Nunca más el poder contra un periodista

Concluía la mañanera de ayer. Sin que mediara pregunta, la presidenta Sheinbaum quiso dejar un mensaje para descalificar las inconcebibles palabras del senador Luis Fernando Salazar contra el periodista Enrique Acevedo —“Vamos a ir por ti por vulgar mentiroso”-—.

La Presidenta arremetió: “No estoy de acuerdo en la forma en que se expresó el senador de Morena, de Coahuila, sobre el periodista Enrique Acevedo. No es correcto, porque la manera en que utilizó la red social y las frases que dijo contra este periodista, son condenables. No deben pasarse por alto”. Impecable.

Sheinbaum suavizó un poco al reconocer el gesto de Salazar de retirar el mensaje de X y disculparse —esto último habría que ponerlo entrecomillas: lo hizo tarde y sometido a una crítica aplastante tras semejante estupidez—.

Concluyó: “Hago un llamado a todas y todos los servidores públicos de que nunca debemos utilizar esas palabras. Podemos no estar de acuerdo con un periodista o un medio de comunicación, pero jamás se debe de utilizar una palabra como amenaza”.
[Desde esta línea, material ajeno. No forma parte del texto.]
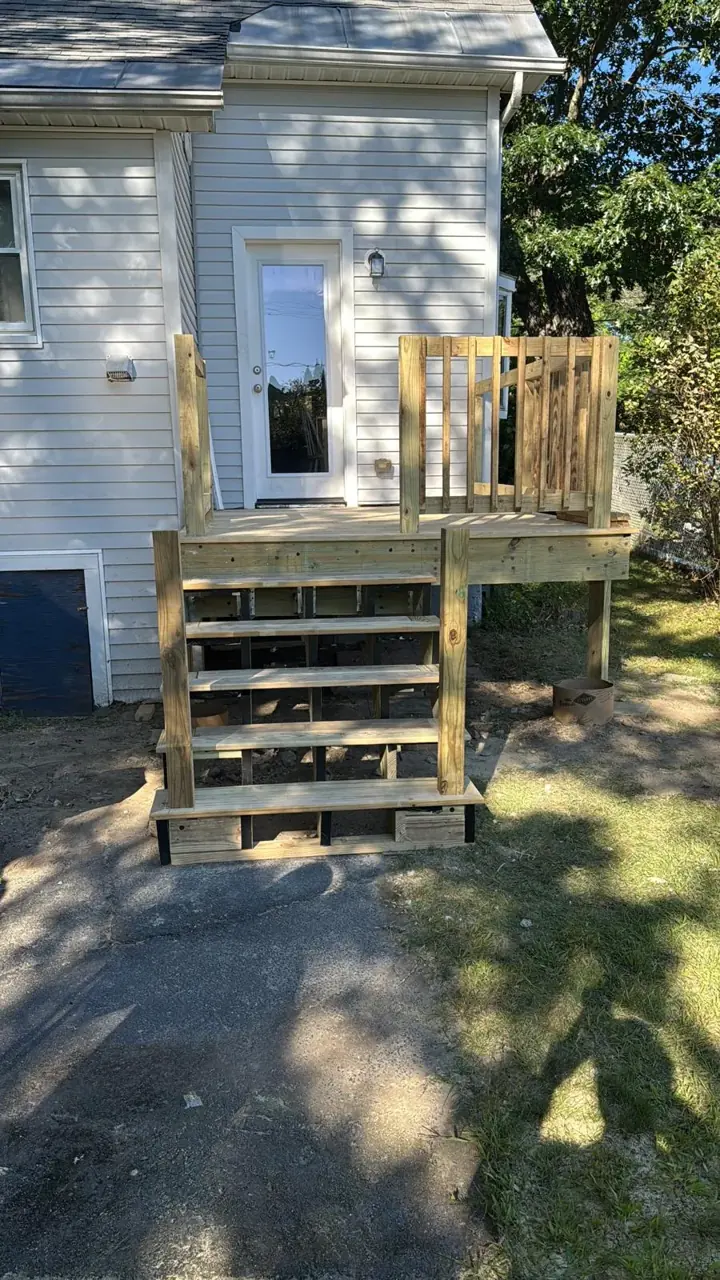 Deck stair framing and treads during construction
Si las voces más agresivas y obtusas de la 4T obedecen, el día de ayer puede quedar registrado como el de la orden para liquidar la era de injurias e intimidaciones iniciada por López Obrador presidente: el poderoso que administró y desparramó discordia y quiso doblegarnos; el que nos linchó desde el poder con sus palabras e hizo guiños para que nos lincharan en las calles. El que nos agredió desde su Palacio y convocó nuestros miedos.

Ayer, claramente, la presidenta Sheinbaum ordenó poner punto final a una época de cobarde intimidación.